Mekruksavanich Sakorn1ORCID,Jitpattanakul Anuchit23ORCID

Affiliation:

1. Department of Computer Engineering, School of Information and Communication Technology, University of Phayao, Phayao 56000, Thailand

2. Department of Mathematics, Faculty of Applied Science, King Mongkut’s University of Technology North Bangkok, Bangkok 10800, Thailand

3. Intelligent and Nonlinear Dynamic Innovations Research Center, Science and Technology Research Institute, King Mongkut’s University of Technology North Bangkok, Bangkok 10800, Thailand

Abstract

Epileptic seizures are a prevalent neurological condition that impacts a considerable portion of the global population. Timely and precise identification can result in as many as 70% of individuals achieving freedom from seizures. To achieve this, there is a pressing need for smart, automated systems to assist medical professionals in identifying neurological disorders correctly.

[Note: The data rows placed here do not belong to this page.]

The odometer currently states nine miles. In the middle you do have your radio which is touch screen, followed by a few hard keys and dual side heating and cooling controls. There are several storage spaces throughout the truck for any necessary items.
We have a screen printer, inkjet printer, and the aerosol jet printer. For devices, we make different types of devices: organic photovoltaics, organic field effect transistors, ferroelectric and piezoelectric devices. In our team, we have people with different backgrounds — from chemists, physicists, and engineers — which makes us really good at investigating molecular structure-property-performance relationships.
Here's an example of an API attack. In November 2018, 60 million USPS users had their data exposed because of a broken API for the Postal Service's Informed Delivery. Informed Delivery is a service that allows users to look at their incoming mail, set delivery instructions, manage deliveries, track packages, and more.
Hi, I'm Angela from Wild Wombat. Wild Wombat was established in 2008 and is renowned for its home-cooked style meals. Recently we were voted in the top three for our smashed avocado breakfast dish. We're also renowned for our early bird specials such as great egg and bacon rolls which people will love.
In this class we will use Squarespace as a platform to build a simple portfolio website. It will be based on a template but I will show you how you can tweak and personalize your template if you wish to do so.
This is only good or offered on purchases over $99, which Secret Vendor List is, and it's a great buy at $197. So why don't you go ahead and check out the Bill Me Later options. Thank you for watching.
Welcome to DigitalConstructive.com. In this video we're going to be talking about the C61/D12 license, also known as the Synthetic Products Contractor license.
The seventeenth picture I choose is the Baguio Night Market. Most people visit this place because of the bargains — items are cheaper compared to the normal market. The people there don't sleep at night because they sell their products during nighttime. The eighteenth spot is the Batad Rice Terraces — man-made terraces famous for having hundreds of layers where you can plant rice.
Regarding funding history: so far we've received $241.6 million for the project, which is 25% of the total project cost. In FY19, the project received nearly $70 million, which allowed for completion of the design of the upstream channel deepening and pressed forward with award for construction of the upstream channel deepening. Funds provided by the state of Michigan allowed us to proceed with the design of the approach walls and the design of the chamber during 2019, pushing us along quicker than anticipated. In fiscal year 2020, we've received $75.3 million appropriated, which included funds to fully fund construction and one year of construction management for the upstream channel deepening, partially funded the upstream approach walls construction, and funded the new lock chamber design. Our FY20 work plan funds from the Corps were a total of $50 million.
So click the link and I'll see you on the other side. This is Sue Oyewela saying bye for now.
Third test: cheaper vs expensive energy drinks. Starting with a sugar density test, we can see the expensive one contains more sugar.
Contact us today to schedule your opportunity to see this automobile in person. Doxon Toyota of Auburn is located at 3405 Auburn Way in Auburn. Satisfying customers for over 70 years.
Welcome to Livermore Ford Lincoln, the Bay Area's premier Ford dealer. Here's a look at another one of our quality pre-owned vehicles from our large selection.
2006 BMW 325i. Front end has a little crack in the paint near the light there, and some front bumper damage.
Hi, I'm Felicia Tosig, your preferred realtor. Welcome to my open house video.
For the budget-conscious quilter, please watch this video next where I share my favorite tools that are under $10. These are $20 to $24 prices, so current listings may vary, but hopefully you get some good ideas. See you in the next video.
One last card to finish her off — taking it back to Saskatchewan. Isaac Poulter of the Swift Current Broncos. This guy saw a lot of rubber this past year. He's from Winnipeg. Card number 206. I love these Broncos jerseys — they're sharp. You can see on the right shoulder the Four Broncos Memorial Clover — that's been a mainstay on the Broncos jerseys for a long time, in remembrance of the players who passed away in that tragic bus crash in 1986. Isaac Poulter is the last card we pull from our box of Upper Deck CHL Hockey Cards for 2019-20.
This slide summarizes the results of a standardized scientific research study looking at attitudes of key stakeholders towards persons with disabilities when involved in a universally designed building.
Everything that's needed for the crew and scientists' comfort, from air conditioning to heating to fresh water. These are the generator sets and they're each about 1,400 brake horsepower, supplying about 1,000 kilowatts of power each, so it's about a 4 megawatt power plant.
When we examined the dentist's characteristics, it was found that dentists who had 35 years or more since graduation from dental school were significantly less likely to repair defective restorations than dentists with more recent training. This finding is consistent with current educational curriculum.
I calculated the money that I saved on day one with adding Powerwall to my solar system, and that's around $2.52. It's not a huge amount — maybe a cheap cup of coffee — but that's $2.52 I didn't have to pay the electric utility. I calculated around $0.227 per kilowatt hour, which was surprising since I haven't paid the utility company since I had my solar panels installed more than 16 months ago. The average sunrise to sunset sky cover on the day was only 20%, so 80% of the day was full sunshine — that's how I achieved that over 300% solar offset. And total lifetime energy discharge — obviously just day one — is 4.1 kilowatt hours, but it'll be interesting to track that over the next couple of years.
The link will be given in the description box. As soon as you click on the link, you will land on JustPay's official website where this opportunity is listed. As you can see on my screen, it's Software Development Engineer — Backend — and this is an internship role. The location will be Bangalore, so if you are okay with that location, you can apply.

Previous efforts have utilized raw electroencephalography (EEG) data and machine learning techniques to classify behaviors in patients with epilepsy. However, these studies required expertise in clinical domains like radiology and clinical procedures for feature extraction. Traditional machine learning for classification relied on manual feature engineering, limiting performance. Deep learning excels at automated feature learning directly from raw data sans human effort. For example, deep neural networks now show promise in analyzing raw EEG data to detect seizures, eliminating intensive clinical or engineering needs. Though still emerging, initial studies demonstrate practical applications across medical domains. In this work, we introduce a novel deep residual model called ResNet-BiGRU-ECA, analyzing brain activity through EEG data to accurately identify epileptic seizures. To evaluate our proposed deep learning model’s efficacy, we used a publicly available benchmark dataset on epilepsy. The results of our experiments demonstrated that our suggested model surpassed both the basic model and cutting-edge deep learning models, achieving an outstanding accuracy rate of 0.998 and the top F1-score of 0.998.

Funder

Thailand Science Research and Innovation Fund

University of Phayao

National Science, Research and Innovation Fund

King Mongkut’s University of Technology North Bangkok

Publisher

MDPI AG

Subject

Artificial Intelligence,Engineering (miscellaneous)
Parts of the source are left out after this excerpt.